Urban legend lovers and UFO-spotters fought for space with faith healers and and monster hunters at the Commonwealth Institute in London yesterday, when Fortean Times magazine held its seventh annual UnConvention.

There were more nose rings and crop tops than anoraks in an unexpectedly young and fashionable crowd, although beards and beer bellies were far from rare.

The two-day event was billed as the weirdest weekend in the world. The actor and playwright Ken Campbell leapt about the stage as he discussed "Gastromancy, Euryclesis and the Fartomantics of the Innuit Shaman". This turned out to range from the gastromancers of ancient Egypt who conversed with ghosts through their guts - "you dowse for spirits with your arse" - to the techniques of modern ventriloquism.

"I'm fairly certain that many of these people are looking at things tongue-in- cheek," said Professor Jan Harold Brunvand, one of several academic speakers at the UnConvention.

"I'm not even sure I believe in the flea circus. But then you get the first-hand true believers who have themselves been abducted by aliens.
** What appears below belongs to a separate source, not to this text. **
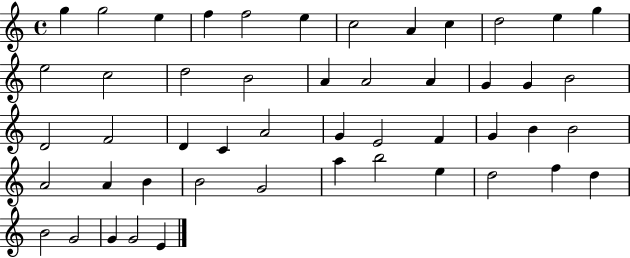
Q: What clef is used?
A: treble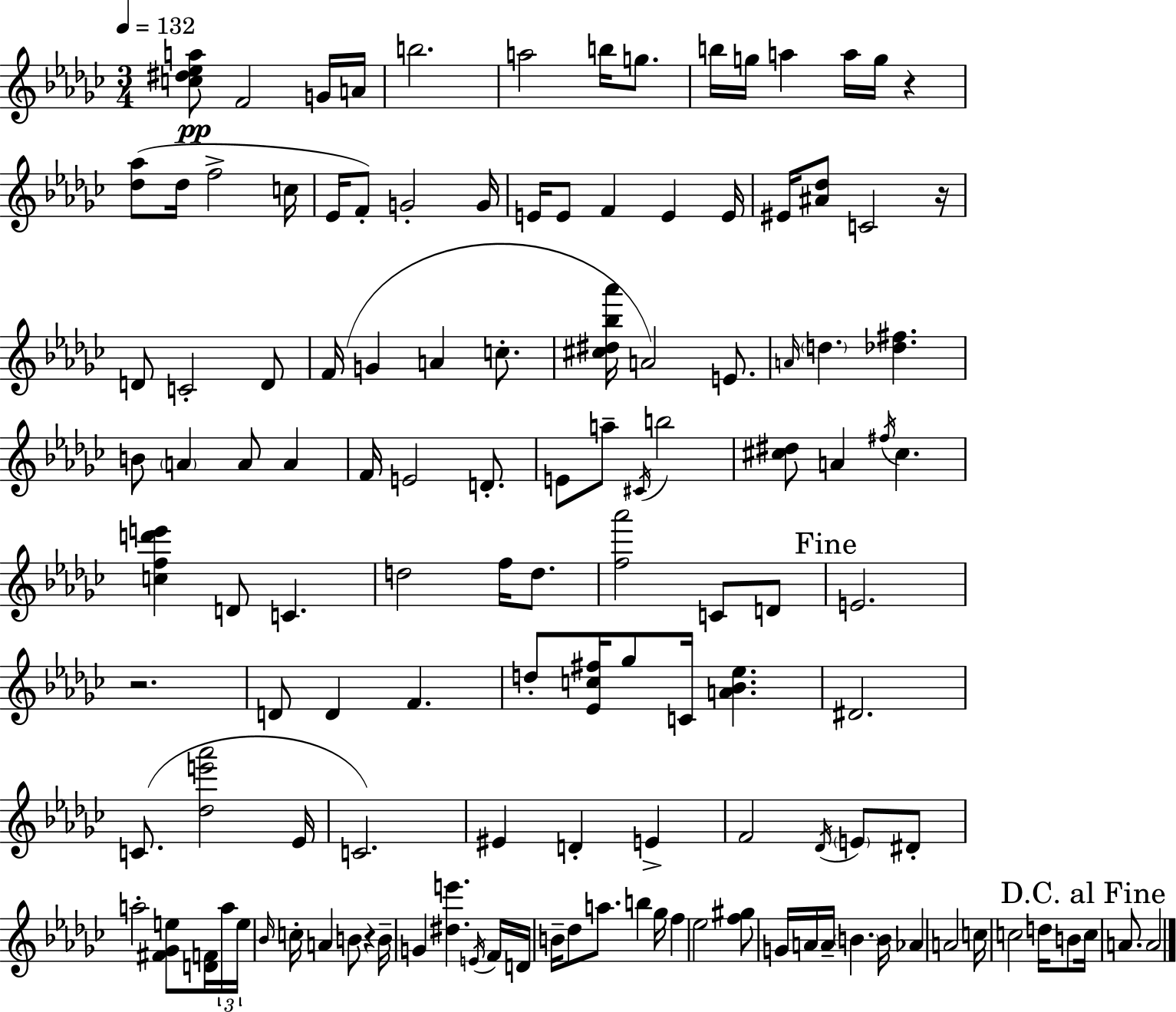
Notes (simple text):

They're not responding to something they've heard, they've had some sort of actual experience. Whether it's an abduction or a nightmare is up to some other expert to explore."

Fortean Times was established in 1973 to continue the work of Charles Fort, a New Yorker who chronicled what he called "damned data" - or "strange phenomena and experiences, curiosities, prodigies and portents" as the magazine now says. Fortean Times started as a fanzine but for the past four years it has been a glossy monthly magazine whose popularity reflects the growing interest in alternative news.

Professor Brunvand was there to examine urban legends, which he describes as "supposedly authentic episodes that people tell each other but they're too good to be true - by which I mean they're too well formed, too concidental. They're told all over the world, often, across countries, in different versions. They are part of modern folklore. They deal with things like automobiles and pets and crime and sex and business and celebrities, academic life and so on."

Stories like the poodle who was put in a microwave are often modern variations on ancient themes. So why do we still feel the need to tell - and believe - them?

"Part of it is encouraging proof that the human spirit is still alive and well, wanting to communicate and not willing to let the media tell us everything," says the professor, a former president of the American Folklore Society.

"They show that we're not entirely smothered by electronic devices, that people are still chatting and inventing things. There is a conspiracy feeling that says the official sources don't tell us everything."

Folklore has always been a treasury of wisdom, the stories a way of passing on common sense. "It's pretty good advice to check the back seat of your car if you parked it in a dark parking lot in a side street somewhere, or to keep an eye on your children in crowds - even if the story that gives you that warning isn't literally true. It's tribal lore still being transmitted person to person."

The rise of multinational corporations and their influence on politics and the media have also fuelled paranoia, which in turn generates stories, says the professor.

"There is a suspicion that big companies would do anything for profit, or that politics is corrupt. There's a theory called the Goliath effect, that the legends tend to gravitate towards the biggest company. So the story of the contaminated pizza would always tend to feature Domino's, and you would get the mouse in Coca-Cola."

The professor sees the disemination of such business legends as a mild form of resistance to forces beyond our control. "It's not quite on the level of the pie thrown at Ann Widdecombe or the demonstrators against the IMF but there is a sense that the common man still has some idea of what's really happening in the world."